Netflix goes even further. They make deep technical decisions about things like threading and API-call failure handling from the perspective of the impact on the customer. User-centered IT doesn’t get any better than that. The fact that we waste our days arguing on Twitter doesn’t obviate the intimate relationship between technical architecture and customer experience.
Brian and myself are among those calling for IT to be more responsive. Cloud computing enables IT responsiveness. One of the current cloud debates concerns Amazon’s AWS offering, its openness or lack thereof, and its exact relationship with its competitors. Amazon is succeeding because they are relentlessly focused on providing value to their customers: SaaS developers. It seemed like only days after I’d helped a client tip up a memcached server on AWS that Amazon introduced their ElastiCache service. I felt like they’d read my mind. If Amazon does achieve lock-in, it will because they read their customers’ minds better than anyone else.

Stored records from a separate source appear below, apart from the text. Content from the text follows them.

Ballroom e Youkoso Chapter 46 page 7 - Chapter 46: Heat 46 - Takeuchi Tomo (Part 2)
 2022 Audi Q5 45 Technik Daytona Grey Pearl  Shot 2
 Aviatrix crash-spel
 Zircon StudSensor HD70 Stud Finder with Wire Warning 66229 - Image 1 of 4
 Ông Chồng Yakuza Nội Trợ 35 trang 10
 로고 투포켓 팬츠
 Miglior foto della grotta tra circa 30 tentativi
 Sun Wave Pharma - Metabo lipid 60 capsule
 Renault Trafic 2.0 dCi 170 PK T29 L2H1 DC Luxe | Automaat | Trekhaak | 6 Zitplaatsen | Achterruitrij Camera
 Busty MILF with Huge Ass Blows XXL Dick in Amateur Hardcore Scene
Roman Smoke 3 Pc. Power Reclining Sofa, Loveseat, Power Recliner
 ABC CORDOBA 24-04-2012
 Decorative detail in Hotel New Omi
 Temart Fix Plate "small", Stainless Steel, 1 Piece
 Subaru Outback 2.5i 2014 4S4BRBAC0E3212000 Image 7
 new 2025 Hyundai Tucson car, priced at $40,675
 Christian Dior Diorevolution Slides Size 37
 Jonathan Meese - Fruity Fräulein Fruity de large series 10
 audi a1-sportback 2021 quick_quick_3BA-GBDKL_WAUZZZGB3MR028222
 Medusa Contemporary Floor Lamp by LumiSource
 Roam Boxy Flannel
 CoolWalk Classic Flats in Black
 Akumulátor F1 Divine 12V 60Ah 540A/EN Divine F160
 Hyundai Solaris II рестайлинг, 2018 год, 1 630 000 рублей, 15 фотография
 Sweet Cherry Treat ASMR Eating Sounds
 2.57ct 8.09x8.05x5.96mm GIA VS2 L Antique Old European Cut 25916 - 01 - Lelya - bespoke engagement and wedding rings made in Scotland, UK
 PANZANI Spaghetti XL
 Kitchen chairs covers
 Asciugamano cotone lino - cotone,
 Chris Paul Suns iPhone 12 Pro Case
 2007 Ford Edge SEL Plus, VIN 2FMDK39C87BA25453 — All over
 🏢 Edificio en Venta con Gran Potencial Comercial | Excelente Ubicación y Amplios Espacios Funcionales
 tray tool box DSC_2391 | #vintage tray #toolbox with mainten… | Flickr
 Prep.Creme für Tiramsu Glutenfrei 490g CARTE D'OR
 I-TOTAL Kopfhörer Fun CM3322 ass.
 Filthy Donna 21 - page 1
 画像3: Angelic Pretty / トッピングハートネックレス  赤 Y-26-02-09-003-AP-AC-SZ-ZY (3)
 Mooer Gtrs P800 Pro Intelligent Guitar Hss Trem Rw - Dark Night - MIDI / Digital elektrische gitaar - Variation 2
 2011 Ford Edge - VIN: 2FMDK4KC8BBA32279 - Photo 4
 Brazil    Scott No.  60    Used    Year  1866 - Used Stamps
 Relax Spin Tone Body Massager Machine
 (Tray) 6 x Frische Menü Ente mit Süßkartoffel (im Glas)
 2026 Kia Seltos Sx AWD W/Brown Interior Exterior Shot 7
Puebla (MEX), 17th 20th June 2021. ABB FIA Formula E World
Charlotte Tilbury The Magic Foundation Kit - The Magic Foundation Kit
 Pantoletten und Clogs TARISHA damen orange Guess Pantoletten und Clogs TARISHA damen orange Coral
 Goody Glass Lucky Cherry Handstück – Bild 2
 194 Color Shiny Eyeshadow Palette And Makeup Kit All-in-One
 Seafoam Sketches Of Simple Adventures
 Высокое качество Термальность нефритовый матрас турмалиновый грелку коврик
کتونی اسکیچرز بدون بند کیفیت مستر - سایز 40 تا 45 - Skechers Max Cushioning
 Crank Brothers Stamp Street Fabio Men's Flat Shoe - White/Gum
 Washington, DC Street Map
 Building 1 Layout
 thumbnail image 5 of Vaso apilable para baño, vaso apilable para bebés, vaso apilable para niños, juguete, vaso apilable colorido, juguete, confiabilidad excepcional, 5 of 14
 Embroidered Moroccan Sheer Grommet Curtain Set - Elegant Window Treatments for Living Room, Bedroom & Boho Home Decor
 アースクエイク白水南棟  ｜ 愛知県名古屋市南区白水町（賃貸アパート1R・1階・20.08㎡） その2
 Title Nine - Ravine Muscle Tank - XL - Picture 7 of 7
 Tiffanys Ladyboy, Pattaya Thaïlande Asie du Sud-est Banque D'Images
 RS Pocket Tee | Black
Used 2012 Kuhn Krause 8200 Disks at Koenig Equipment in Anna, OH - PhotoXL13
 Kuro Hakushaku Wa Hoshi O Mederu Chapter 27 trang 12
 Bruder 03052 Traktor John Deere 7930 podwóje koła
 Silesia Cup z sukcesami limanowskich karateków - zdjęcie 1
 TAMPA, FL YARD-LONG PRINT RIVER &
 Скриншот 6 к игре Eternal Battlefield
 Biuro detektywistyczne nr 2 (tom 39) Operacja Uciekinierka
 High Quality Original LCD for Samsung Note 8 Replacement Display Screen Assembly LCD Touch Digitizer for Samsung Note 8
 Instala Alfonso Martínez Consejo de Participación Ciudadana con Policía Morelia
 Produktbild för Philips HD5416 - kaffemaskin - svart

Even if we posit that Amazon is the loveliest of cloud providers, Brian’s question remains: who cares other than IT? On one level, no one. On another level, though, AWS helps SaaS developers deliver value to customers faster, with greater quality and less investment. Service design researchers Robert Glushko and Lindsay Tabas point out the need to integrate front and back stages in order to create good customer service experiences. For the most part, the cloud is back-stage. I don’t think, though, that you can divorce it from front-stage in terms of the overall value proposition.
SaaS, on the other hand, is front-stage. Lori MacVittie and others don’t consider SaaS to be the cloud. I partly agree with her. Many software services are just Web 2.0 apps. But let’s take the example of Mozy. What’s the difference between Mozy and Time Machine? Both of them do exactly the same thing: “back my stuff up every night at midnight.” With Time Machine, you have to buy and provision backup storage. With Mozy, you don’t. With Time Machine, if you only need 10 GB of space, and the smallest version of the Time Machine server is 500 GB, you pay for unused capacity. With Mozy, you pay for what you use. Mozy brings utility computing (consume based on demand, pay based on consumption, someone else manages) to the small business and the consumer.
I find “lean” to be a helpful way to think about cloud computing. Lean puts the focus on increasing value, decreasing waste, and minimizing Non-Value-Add (NVA) activities. Providing customers with consistent application performance in the face of spikes and outages increases value (remember, customers care about operational excellence). Not paying for idle servers decreases waste. Letting someone else rack servers and swap hard drives minimizes NVA. At the PaaS level, you can say the same thing about not having to configure load balancers. At the SaaS level, you can say it about not having to maintain on-premise backup hardware. It occurs to me that “Lean Infrastructure” may be a proper term to apply to cloud computing at all levels.
In sum, Brian is probably right: we probably spend too much time debating arcana. At heart, though, I think we’re at least trying to argue about the right thing: how to enable organizations to provide the most value with the least waste. At the end of the day, I don’t think it’s enough just to call it “computing.” Instead, I think it’s about trying to achieve “lean computing.”